Quatre rencontres, de 2 heures environ, avec Michel Rocard, ont été organisées pour les Amis de Tribune Socialiste par Roger Barralis pour continuer à écrire l’histoire du PSU après le premier livre de Marc Heurgon. Je faisais partie avec Roger et Bernard Ravenel de ces petits groupes. Pour Mai 68 nous avons eu confirmation des faits suivants. Les manifestations étaient préparées en commun par Krivine et Rocard au siège du PSU, négociées avec le préfet de Police Grimaud par Rocard. Sur plusieurs photos de journaux de l’époque, on voit Krivine et Rocard, bras dessus-bras dessous au premier rang des manifs. Bizarre ! Bizarre ! direz-vous, vous qui lisez cela aujourd’hui ? Ces documents existent. « Le service d’ordre du PSU était le plus nombreux, mais autogéré, celui de la LCR moins nombreux mais très structuré et discipliné.
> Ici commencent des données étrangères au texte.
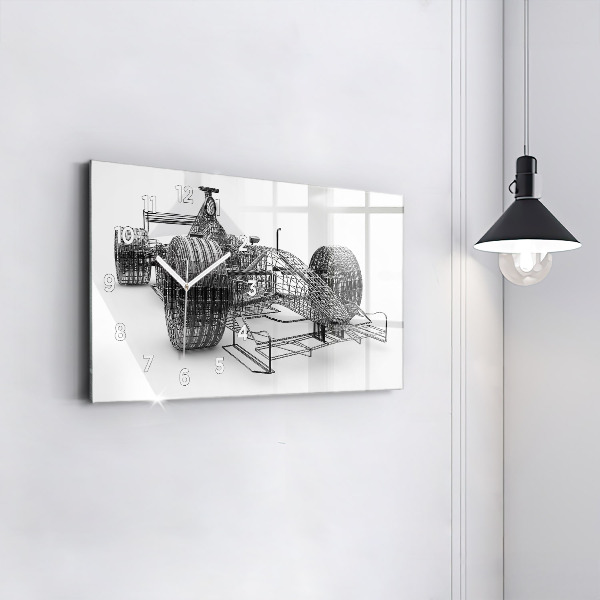 Horloge rectangulaire horizontale conception de voiture de F1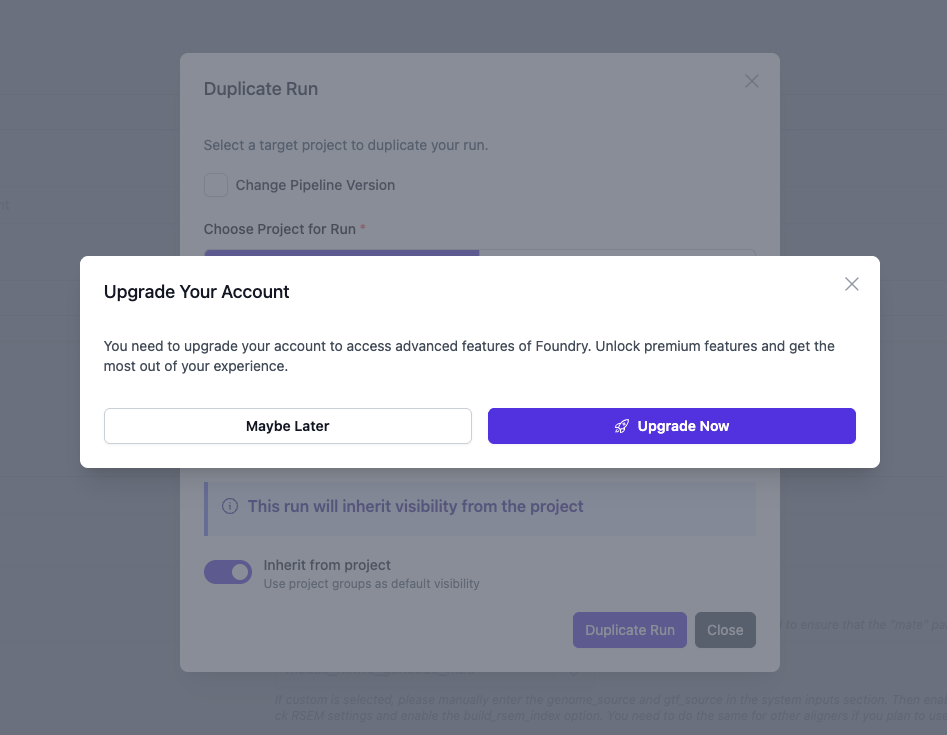 Duplicate Run dialog in OSP Sharing (example)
Les patrons de la FNAC proches des trotskistes fournissaient les casques à ces deux « SO », ainsi que l’essence qui était quasiment introuvable » nous a affirmé Rocard.



1 http://www.youtube.com/watch?v=ht1RkTMY0h ou DVD : Reprise « Un voyage au cœur de la classe ouvrière » un film mis en scène par Hervé Le Roux aux Editions Montparnasse

2 Les étudiants n’auraient pas fait Mai 68 si les travailleurs n’avaient pas réagi, et, d’ailleurs, « préparé » en amont le mouvement par diverses grèves dont plusieurs sur les questions « qualitatives du travail » ( Sud Aviation, Rhodiaceta à Lyon et à Besançon, Lip où les militants CFDT-PSU préparent en fait la célèbre lutte de 1973. La CFDT, après le congrès de 1964 de la déconfessionnalisation avait dès 1965 lancé l’idée d’une société autogestionnaire. Elle a eu un rôle déterminant dans l’organisation démocratique de la grève générale et dans les discussions sur les objectifs. Des dirigeants de la CFDT comme Edmond Maire, Marcel Gonin, et bien d’autres étaient membres du PSU. D’autres étaient très proches

Le terme « qualitatif » signifie : conditions de travail, temps libéré, contrôle des cadences, réflexion sur la nature de ce que l’on produit, contestation de l’autoritarisme patronal, des « petits chefs » de l’encadrement (« Non au pouvoir patronal dans le domaine de l’emploi » dissent les travailleurs CFDT de La Rhodiaceta de Besançon en mars 1967). C’est le fondement du mot d’ordre « Contrôle ouvrier » que développe le PSU dans toute cette période et en particulier nous dans nos affiches en sérigraphie de l’atelier du vingtième arrondissement.